» Instructions to follow
The required copy runs from the first line of the material through the line containing "Tfaoys Multicolor Metal", exactly as written and without pictures.

» Stored data
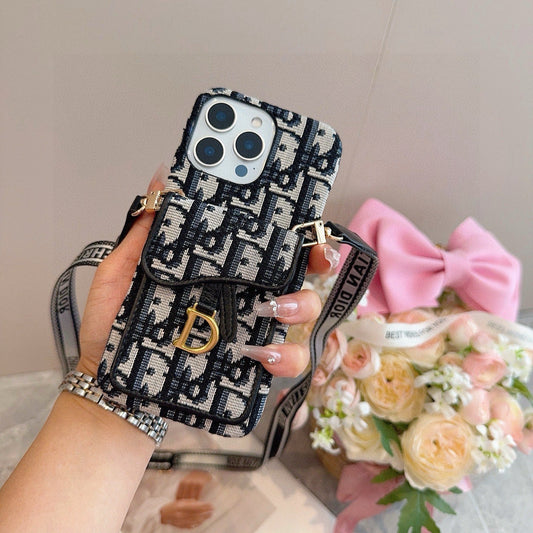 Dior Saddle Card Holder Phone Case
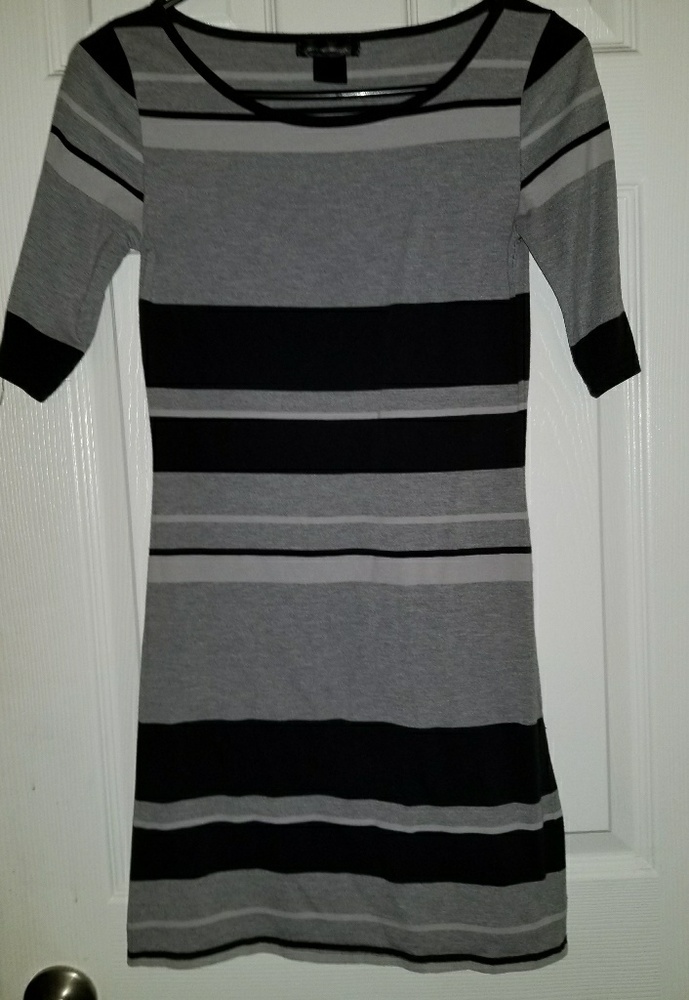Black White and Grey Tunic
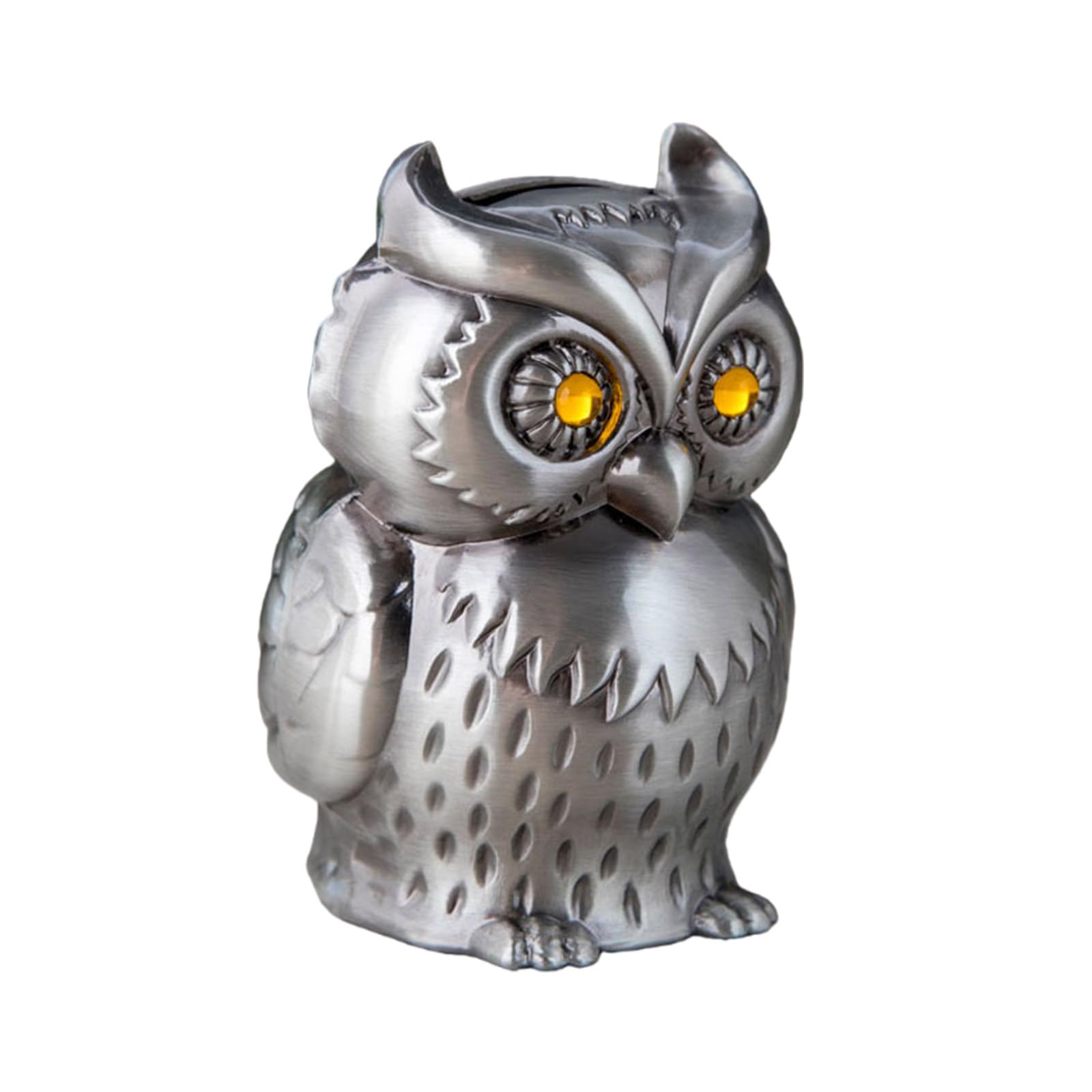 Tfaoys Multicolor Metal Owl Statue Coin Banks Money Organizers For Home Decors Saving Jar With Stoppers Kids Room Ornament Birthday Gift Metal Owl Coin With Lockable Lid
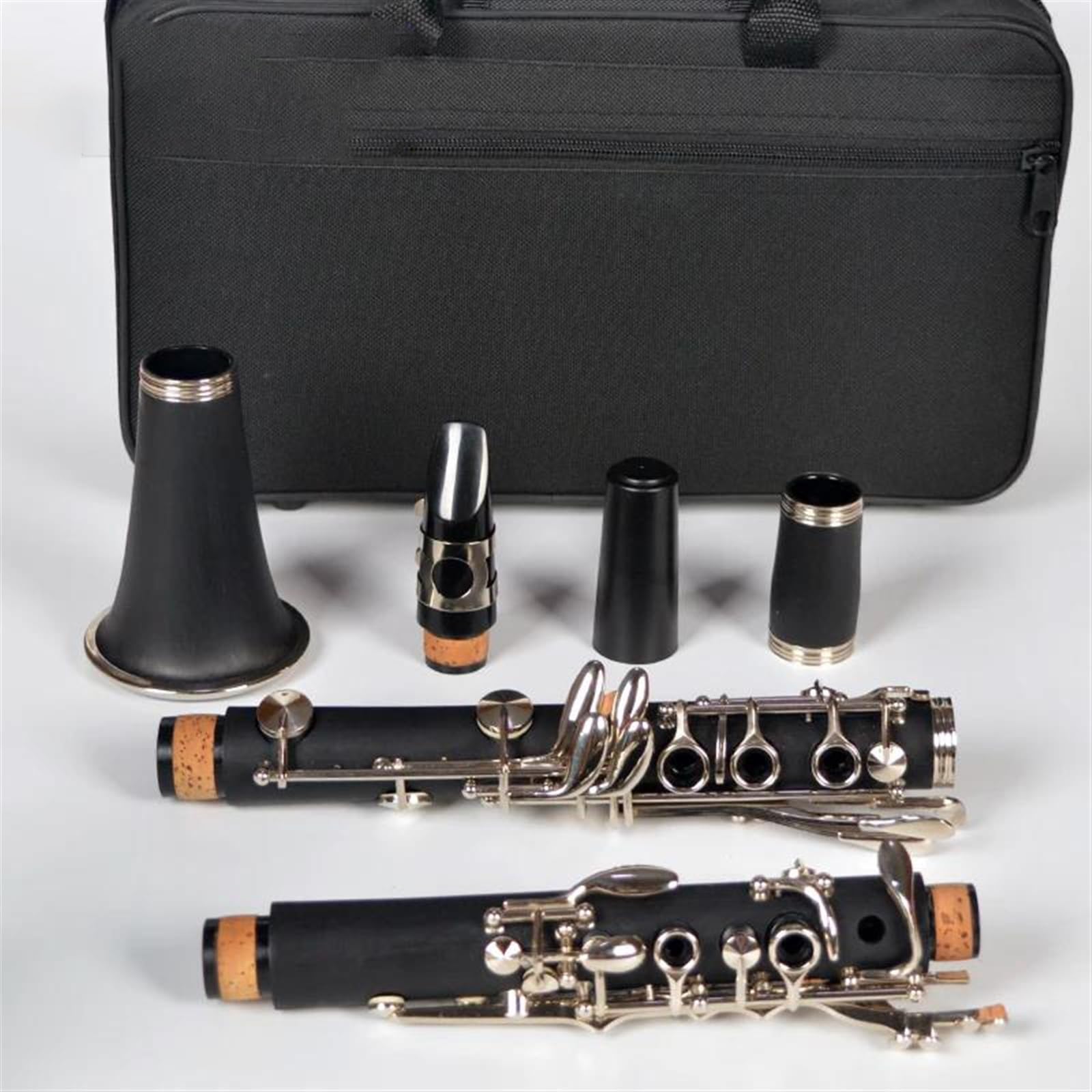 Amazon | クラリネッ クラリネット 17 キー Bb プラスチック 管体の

» Result
 Dior Saddle Card Holder Phone Case
Black White and Grey Tunic
 Tfaoys Multicolor Metal Owl Statue Coin Banks Money Organizers For Home Decors Saving Jar With Stoppers Kids Room Ornament Birthday Gift Metal Owl Coin With Lockable Lid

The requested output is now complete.